MANILA -- First Gen Corp said it was waiting for formal notice on the Department of Energy's decision allowing it to proceed with a natural gas project with Tokyo Gas Co.
First Gen said its unit, FGEN LNG Corp, applied for a notice to proceed with the construction of an LNG Terminal in Batangas City, according to a stock exchange filing dated March 8.
Tokyo Gas in a separate statement on Tuesday that it obtained, together with First Gen, the Philippine government's approval for the project.
Japan's largest gas utility plans to own a 20 percent stake of the project, aiming to commence operation in 2023, Tokyo Gas spokesman Noriyoshi Ibara in Tokyo told NNA on Monday.
Tokyo Gas and First Gen submitted the LNG terminal plan to the Department of Energy last December. Although the consortium gained the permit, "We have yet to make a final investment decision," the spokesman said without elaborating.
The new terminal will have an annual capacity of 5.26 million tons, according to Rino Abad, director of the department's oil industry management bureau. Local media said investment costs were estimated at $10 billion.
Manila has so far approved two other LNG hubs development projects, but the Tokyo Gas-First Gen venture is the largest in capacity size.

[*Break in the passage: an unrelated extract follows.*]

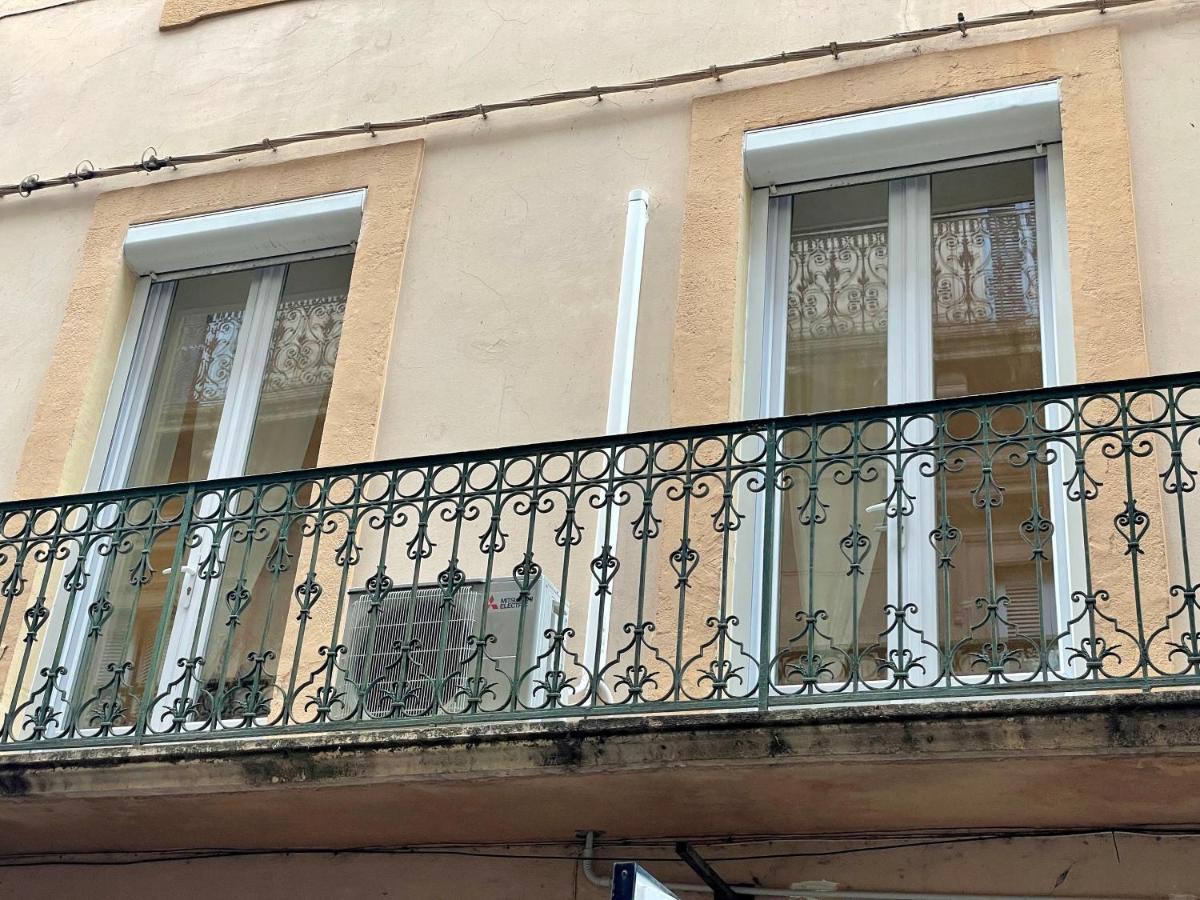 Superbe T3 en plein Centre Ville rénové avec goût! Béziers Esterno foto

First Gen operates four gas-fired power plants in the province, south of Manila, by sourcing natural gas from the Malampaya gas field off the coast of Palawan Island.
Also the nation's largest natural gas buyer, First Gen has decided to build the gas import terminal as local supplies are feared to become depleted as early as 2024.
First Gen aims to firm up contractors, costs and other arrangements "within the year" to proceed the plan by next year, company president Francis Giles Puno was quoted by BusinessMirror as saying.
First Gen is a sister company of ABS-CBN Corp in the Lopez Group.